Advertisements
Advertisements
Has anyone adopted or known someone who has adopted a child that is extremely quiet in her orphanage? The agency says she speaks to her friends quite well, but is extremely quiet with all adults, even the care givers. Is this normal? I would think something is wrong, but they said she does communicate and play with friends....
An orphanage is a very unnatural place for a child. The behaviors that you see there may be very different from those that you will see elsewhere.
You do not say how long the child has been at the orphanage. If she has not been there long, she may still be grieving the loss of her birthparents and fearful of or unhappy about bonding to other adults. This is very normal.
You also do not say anything about the reason for her placement in the orphanage. If a child came from a setting where abuse or neglect was a factor, she could be fearful of speaking to adults. Or she simply may have come from a home with quiet adults.
Or, sometimes, the orphanage staff may describe a child inaccurately to the adoption agency or prospective parents. The staff are busy people who may not know a given child all that well. They may also tell the agency or parents what they think they want to hear, such as, "This child is very quiet and well behaved".
When I met my daughter in China, the caregiver stated that "she does not play; she just watches everyone else play." In fact, my daughter turned out to be an immensely social child.
She was quite shut down with grief and shock, in part because it appears that she was with her birth family for 9.5 months prior to abandonment, and got a lot of love from them. Her next 9 months in the orphanage must have been quite painful for her, and she may have blossomed into a social butterfly only once she was back in a family, with a loving Mom.
The caregiver also told me that my daughter "could eat anything." While that may have been true, since she had ten teeth and was on table food, she ate almost nothing. She was the pickiest child you can imagine, and had a hard time gaining weight at first. I am not sure whether the caregiver was simply misinformed about my obviously underweight child (17 lb at 18.5 mo.), or whether she was trying to tell me that while she COULD eat almost anything, she didn't.

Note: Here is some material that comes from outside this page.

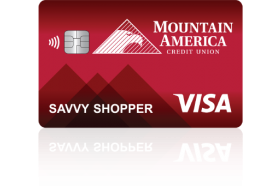 Mountain America Credit Union Visa Low Rate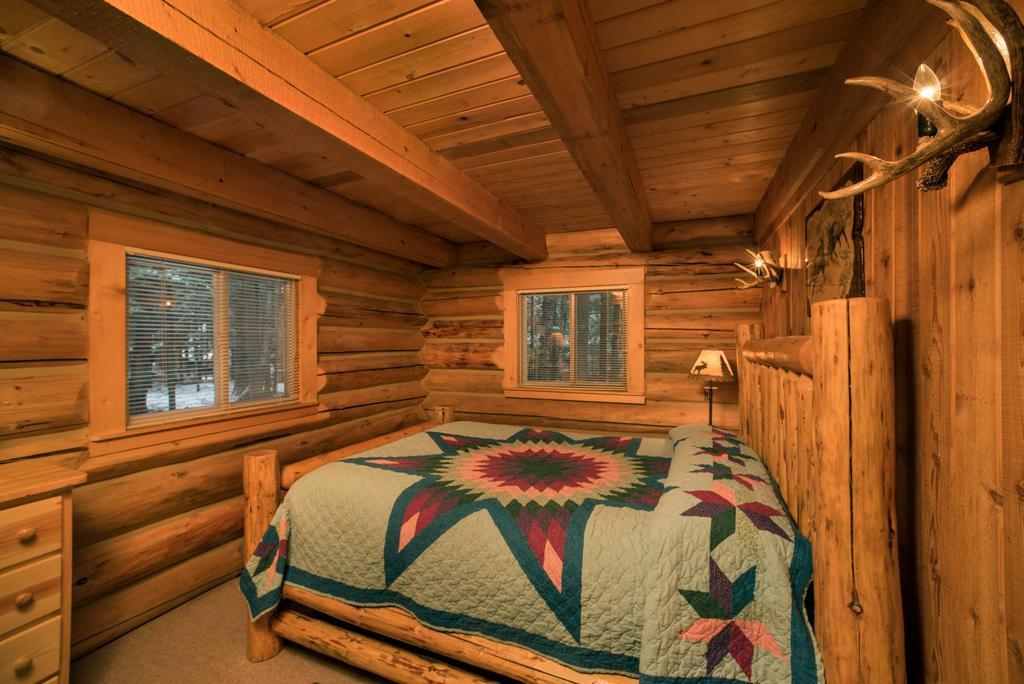 Western Pleasure Guest Ranch Sandpoint Exteriér fotografie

While certain behaviors can be red flags for issues such as attachment disorders or fetal alcohol syndrome or an unrevealed history of sexual abuse, quietness around adults isn't usually one of those red flags. I would be more worried about the child who ran up to strangers and gave them hugs (possible attachment disorder), who engaged in impulsive and risky behavior (possible fetal alcohol syndrome), or who made gestures or walked in ways that suggested inappropriate introduction to sexuality.
If the child speaks in a reasonably age-appropriate way -- some delays are to be expected -- when she does talk, I wouldn't worry a whole lot about her quietness around adults.
Sharon
Advertisements
Our child only spoke maybe a total of 10 words when we met her and that was after spending four days with her and trying to pry it out of her. She is 3.5. We have now coming to the end of 3 weeks of bonding and she has roughly a 50 word vocab that we can understand in her language and 10 or so in english. We ran into one of the orphanage workers in the market and they were very surprised to see her sitting in her stroller singing as we walked through. They said she didn't talk at all much less sing. So it is possible that it is just the environment.